Buckley recently paid $60 to see Lewis Black live. If only he’d had the convenience of paying $120!


 


14 Responses

  1. Ron Mexico

    Ticketing is just economics 101. If there are people willing to pay a price above what the vendor wants to charge, then people will take advantage of that. There’s plenty of room for improvement in what exists now, but it beats the hell out a black market because only Ticketmaster has the right to sell a ticket legally.

    Reply
    • nichi_yes

      I’d take a bunch of individual scalpers over one huge scalper that creates a monopoly and buys out most of the tickets instantly.

      Reply
  2. Wellman

    It should be regulated. A simple 10/10% split on the up-sell(scalped) is more than plenty. Ten percent for the reseller, ten for the company for reposting it. I agree when it’s jumping to double or even 4x the amount it’s just crazy. But if the percentages were low enough, then it would increase the amount of extra work / hassle and hopefully curb this insane process.

    Reply
  3. Eric

    I know plenty of people who have money who almost exclusively buy from Stub Hub at top dollar, but it doesn’t mean they love it! It just means they can. And it means that people who can’t, which is MOST PEOPLE, are completely locked out. The current state of the secondary ticketing market is turning concerts into a luxury for the 1%, which is just sad. You can talk about Economics 101 all day long and “what the market will bear” but the reality is that this is hurting more people that it’s helping. There needs to be regulation to create some sort of ceiling to protect everyday consumers!

    Reply
    • [email protected]

      What about all the times tickets sell below face value. Would that not help the other 99% score tickets at a better price? According to Forrester Research about 40% of tickets sell below face value.

      Reply
  4. [email protected]

    The author of this article could not be any more embarrassingly out of touch with the economics of live entertainment. The concept of ticket brokers making money by purchasing tickets at face value and selling them at market value hasn’t been a viable business model in almost twenty years.
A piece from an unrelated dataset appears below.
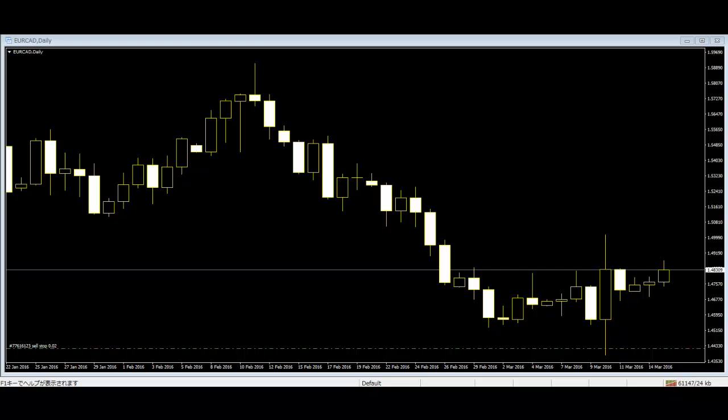3-Method Formation: The bearish three-method formation is a long black body followed by three small bodies and a long black body. The three white bodies are contained within the range of the first black body. This is considered a bearish continuation pattern.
    This kind of abhorrent regurgitation of aincent propoganda is exactly why trade groups must continue to spend money pushing out their messaging.

    Reply
  5. Eric

    Please explain more. Is the issue of brokers (i.e., scalpers) using bots to purchase tickets and then reselling those tickets on the secondary market not an issue? What are we missing?

    Reply
    • james

      Bots were made illegal a year ago. It is no longer a real issue because there are real consequences to it (jail time) and Ticketmaster knows when someone is using a bot now. So yes, It really isn’t a issue anymore.

      Reply
  6. DDS

    The only ‘idiot’ in this conversation is the angry writer, who doesn’t want to recognize what most consumers already know – that the primary market (largely the monopoly made up by Ticketmaster/Live Nation and it’s promoters/artists) have been ripping the fans they supposedly care so much about for years. They control the artist, venue, ticketing, merchandise, music, and even the price of beer.
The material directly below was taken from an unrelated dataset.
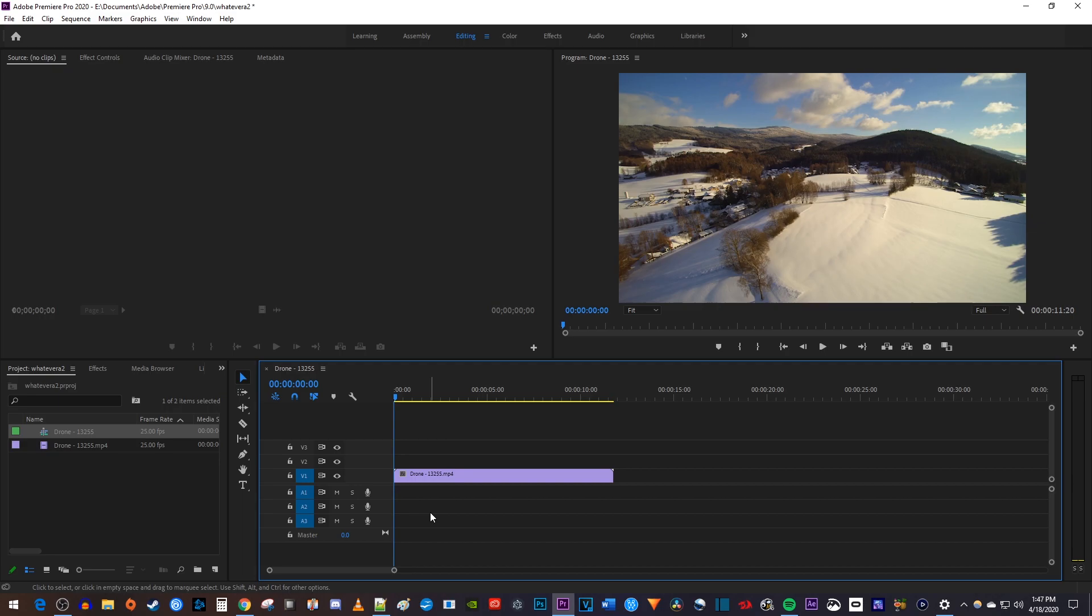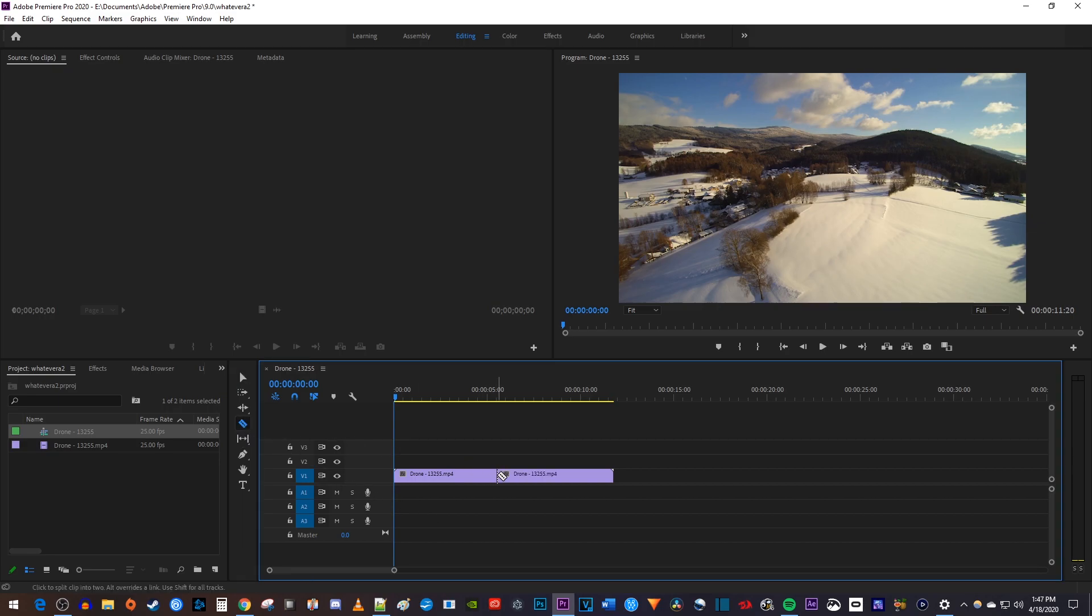Alright, so let's say you have a clip on your timeline and you use the razor tool to make a cut. Later on, you might decide that you don't want this cut, but you don't really want to have to nest it either.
    When I buy tickets on the secondary market, I’d say less than 25% of the time am I paying more than face value, and the customer service provided by companies such as StubHub is vastly superior to that provided by Ticketmaster. The whole live concert industry is run on the basis of monopolistic control by the main players. The secondary market threatens that control, which is why people like you decry it, but the reality is that more competition to the primary monopoly is what is best for the consumers.

    Reply
  7. Dave

    More attention grabbing uneducated nonsense. Man, the holier-than-thou bands and promoters have the general population fooled. Sure, they make a huge deal about the scummy scalpers reselling their tickets, they are soo concerned about the poor fans getting taken advantage of but it’s all subterfuge. They are in the resale game just like everyone else. Most of the best seats for the best shows are held back from the general onsale and sold as ‘vip packages’ and ‘platinum’ seats right on ticketmaster at hugely marked up prices. They are using the scalpers as fodder to get away with what they are doing, they get to make more money with none of the backlash. Genius.
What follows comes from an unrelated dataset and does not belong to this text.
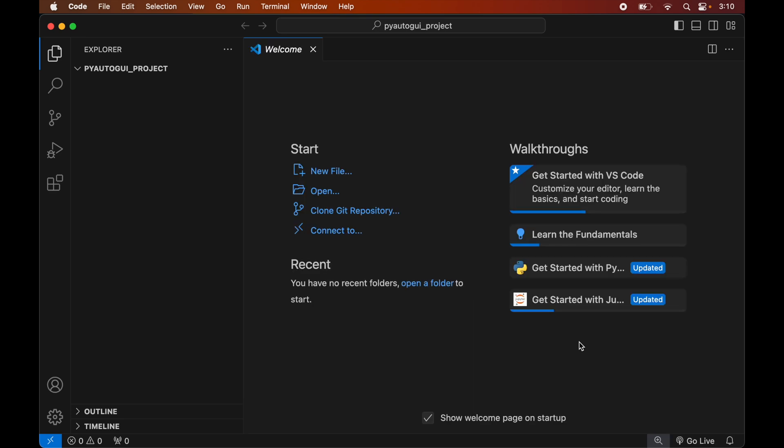Before installing PyAutoGUI, we will create a virtual environment for this project because it is recommended to have a separate virtual environment for each Python project. We will create the virtual environment first and then install the PyAutoGUI library inside it. If you already have a virtual environment for your project, you can skip the creation part, directly activate it, and then install PyAutoGUI inside that activated environment.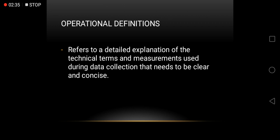Example of conceptual definition: Anxiety, which means a feeling of unease. Then for operational, it would be Hamilton Anxiety Rating Scale, Palmer Sweat Index.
    The secondary market can actually be a good thing, the last few shows I went to I was able to get tickets BELOW face value. Granted they weren’t the most popular events but hey, still a win.

    Reply
  8. james

    click bait.
    Stubhub has repeatedly said that by their own analytics 2/3 of all tickets sold on their site sell for under face. That means that by volume 2/3 of secondary markets buyers are getting a hell of a deal. Ever buy a ticket a baseball game during the week? Yeah, your probably paying 50% or less of cost. Go the katy perry tour last year? If you bought off stubhub you probably paid 25% of cost. This is just a rant by somehow who couldn’t pass economics and likes to rally against a fictional enemy.